(Aim of the task) For the material below, the expected output is exactly the lines between the line holding "Lumineux Studio 2" and the line holding "Skechers Black Women's", inclusive, with pictures left out.

(Information provided)
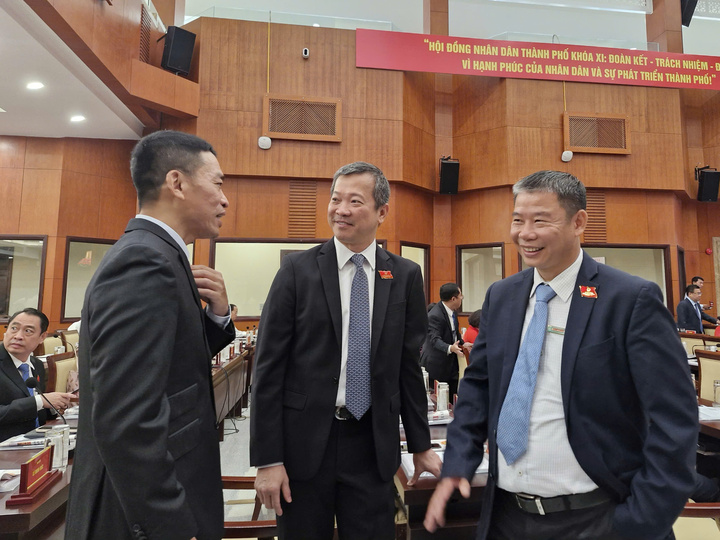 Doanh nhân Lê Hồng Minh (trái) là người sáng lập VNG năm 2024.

---

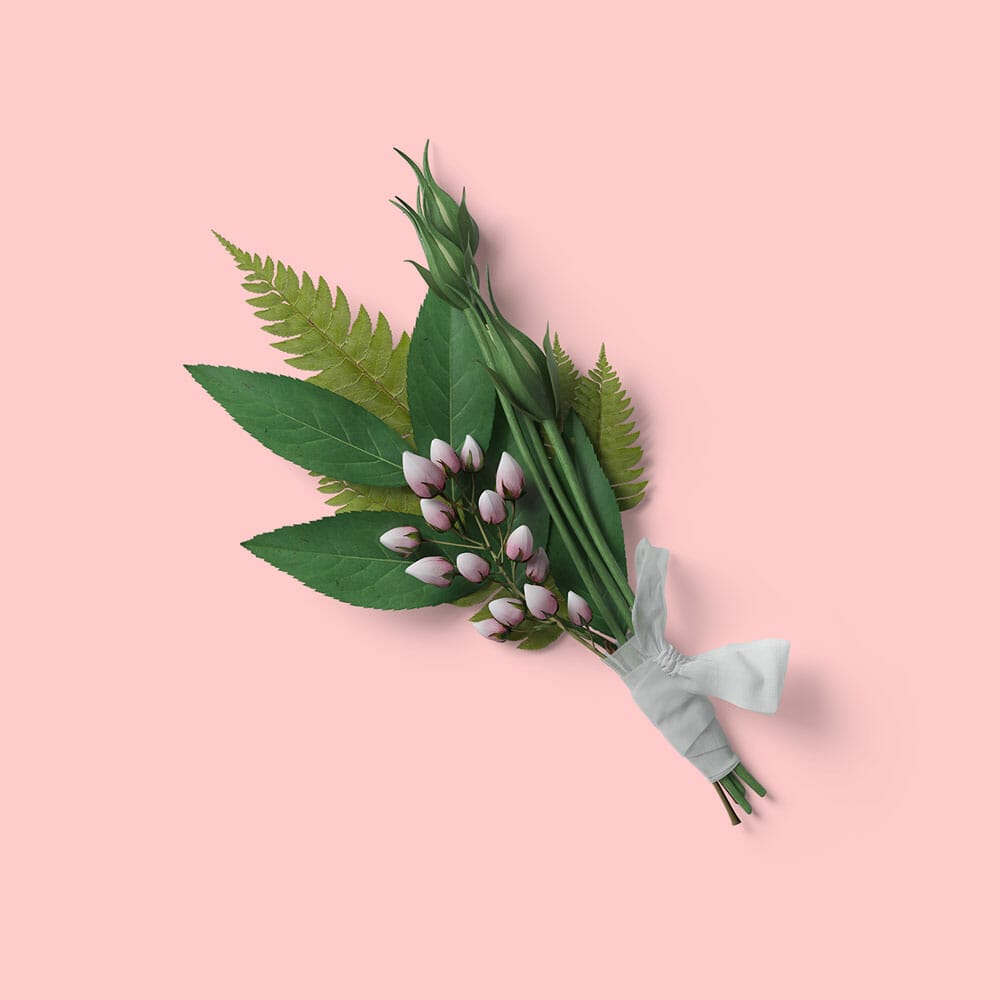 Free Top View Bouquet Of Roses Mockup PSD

* * *

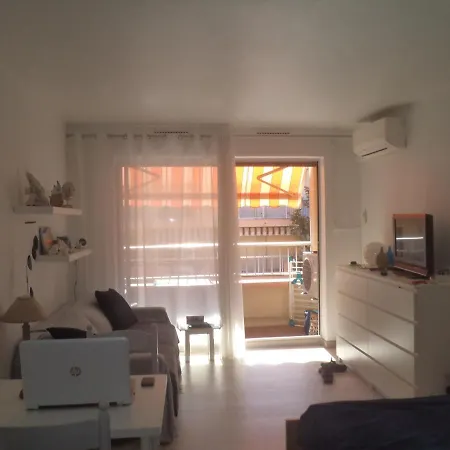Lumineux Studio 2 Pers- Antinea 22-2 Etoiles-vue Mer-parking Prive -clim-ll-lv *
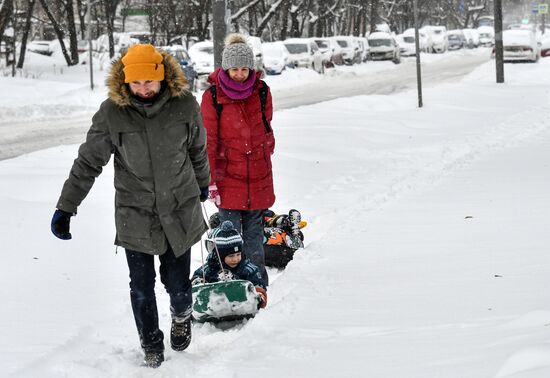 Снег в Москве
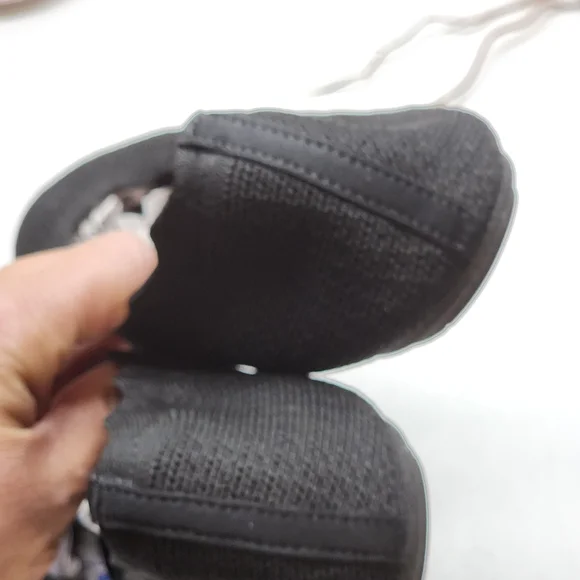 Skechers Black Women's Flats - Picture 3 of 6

(Solution)
Lumineux Studio 2 Pers- Antinea 22-2 Etoiles-vue Mer-parking Prive -clim-ll-lv *
 Снег в Москве
 Skechers Black Women's Flats - Picture 3 of 6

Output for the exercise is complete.